WASHINGTON (AP) — Bowing to privacy concerns, the Obama administration reversed itself Friday, scaling back the release of consumers' personal information from the government's health insurance website to private companies with a commercial interest in the data.

The administration made the changes to HealthCare.gov after The Associated Press reported earlier this week that the website was quietly sending consumers' personal data to companies that specialize in advertising and analyzing Internet data for performance and marketing.

The personal details included age, income, ZIP code, tobacco use and whether a woman is pregnant.

That prompted lawmakers to demand an explanation, while privacy advocates called on the administration to make changes.

Analysis of the website Friday by the AP showed that the administration had made changes to reduce the outbound flow of personal information. Before that, the website was explicitly sending personal data to third-party sites.

The site is used by millions to sign up for coverage under the health care law, or to merely browse for insurance plans in their communities.

The changes were confirmed by Cooper Quintin, a staff technologist with the Electronic Frontier Foundation, a civil liberties group. Quintin called it "a great first step," but said the administration needs to do more.

An administration spokesman did not respond to a request for comment on Friday.

Officials of the Health and Human Services Department had at first defended their information-sharing practices, saying the outside companies only used the data to analyze the workings of HealthCare.gov and make improvements to the website that benefit consumers. There is no evidence that consumers' personal information was misused, they said.

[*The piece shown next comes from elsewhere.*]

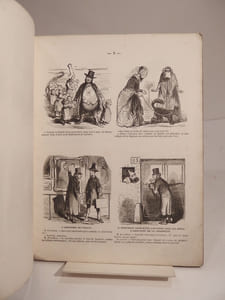 Proudhoniana ou Les Socialistes modernes, commentés et illustrés par Cham. Album dédié aux Propriétaires.
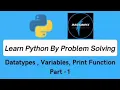 Python Tutorial Data types in python tamil - Learn python by problem solving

Created under President Barack Obama's health care law, HealthCare.gov is the online gateway to government-subsidized private insurance for people who lack coverage on the job. It serves 37 states, while the remaining states operate their own insurance markets. The privacy issue surfaced just as the president was calling for stronger Internet safeguards for consumers.

Sens. Orrin Hatch, R-Utah, and Charles Grassley, R-Iowa, called it "extremely concerning" for consumers. Grassley said Friday it's still unclear how consumers' information is being used.

"People using HealthCare.gov should have the confidence that their information is secure and not being used for sales pitches by outside firms," he said in a statement.

Third-party outfits that track website performance are a standard part of e-commerce. It's a lucrative business, helping Google, Facebook and others tailor ads to customers' interests. Because your computer and mobile devices can be assigned an individual signature, profiles of Internet users can be pieced together, generating lists that have commercial value.

Third-party sites embedded on HealthCare.gov can't see your name, birth date or Social Security number. But they may be able to correlate the fact that your computer accessed the government website with your other Internet activities.

Have you been researching a chronic illness like coronary artery blockage? Do you shop online for smoking-cessation aids? Are you investigating genetic markers for a certain type of breast cancer? Are you seeking help for financial problems, or for an addiction?

Google told the AP this week it doesn't allow its systems to target ads based on medical information.

HealthCare.gov's privacy policy says in boldface type that no "personally identifiable information" is collected by these Web measurement tools. That is a term defined in government regulations, but other personal details were being allowed through.

Privacy advocates say the administration still needs to do more. The mere presence of connections to private companies on the website —even if they don't explicitly receive personal data— should be examined because of their ability to reveal sensitive information about a user.

Quintin, the tech expert with the Electronic Frontier Foundation, said the health site should disable third-party tracking services for people who enable the "do not track" feature on their web browsers.

"HealthCare.gov should meet good privacy standards for all its users," he said.

The administration is aiming to have more than 9 million people signed up by Feb. 15, the last day of open enrollment. Many consumers wait until the last minute to sign up.

HealthCare.gov was crippled by serious technical problems when it made its debut in the fall of 2013. This year the website has worked much better, a marked contrast. But the privacy issues were a reminder that the site remains a work in progress, like the underlying law.